As with all of the New Mexico Actors Lab's productions, it is the attention to aesthetic detail in the presentation that creates a welcome level of professionalism seldom seen in small, intimate theater settings. Benedetti told me that in his co-direction of the play with Ballas, it was their desire to bring the audience to a state of proximity to the story emulative of film's potential for a close-up examination of character and situation. As such, precision in the scenic environment abounds. Bill, who lives with Dinah in Cincinnati, reads the Cincinnati Herald. Dinah takes gifts for her cousins in a Dick-and-Jane baga bag that perhaps was acquired long ago when their own beloved daughter Cindy was just a girl. The yurt, which Jeanette and Bill have turned into their sheltered bedroom, indeed looks exactly like a yurt.
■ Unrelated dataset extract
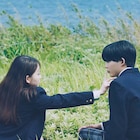 長尾謙杜×山田杏奈が秘密を共有、危うい恋が動き出す「恋に至る病」新写真3点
Theatrical verisimilitude is NMAL's hallmark.
Skip Rapoport's lighting creates the proper mood: a sense of foreboding, but without an overwhelming sense of oppressiveness.
The Quality of Life is a play about both the management of death (when circumstances afford one the opportunity to dictate how that should be effected) and about the importance of navigating through lives that at times seem hardly worth surviving. Each character at one point in the play entertains either tangibly or philosophically the prospect of ending his or her own life. But this fine cast and the excellent directorial choices that inform their performances remind us that the play is also about something else: how to manage the ravages of grief. One couple is dealing with grief over the loss of a child. Another couple is anticipating the grief that will ensue from a death differently manifested.
At the first performance of this moving play, made even more emotionally gripping by this top-notch production, a singed landscape populated by characters with scorched hearts fused metaphor to reality in a way that only theater can accomplish. And the literal smell of smoke and not so distant fire added fortuitous embroidery to a powerful evening of theater.
The Quality of Life, directed by Nicholas Ballas and Robert Benedetti, is being performed at Teatro Paraguas, 3205 Calle Marie B, Santa Fe. Thursday through Saturday at 7:30, Sundays at 2:00, with special pay-what-you wish performance on Wednesday, June 28 at 7:30. Through July 2, 2017. Info at www.teatroparaguas.org or 505-424-1601. The running time is slightly under two hours, including one intermission.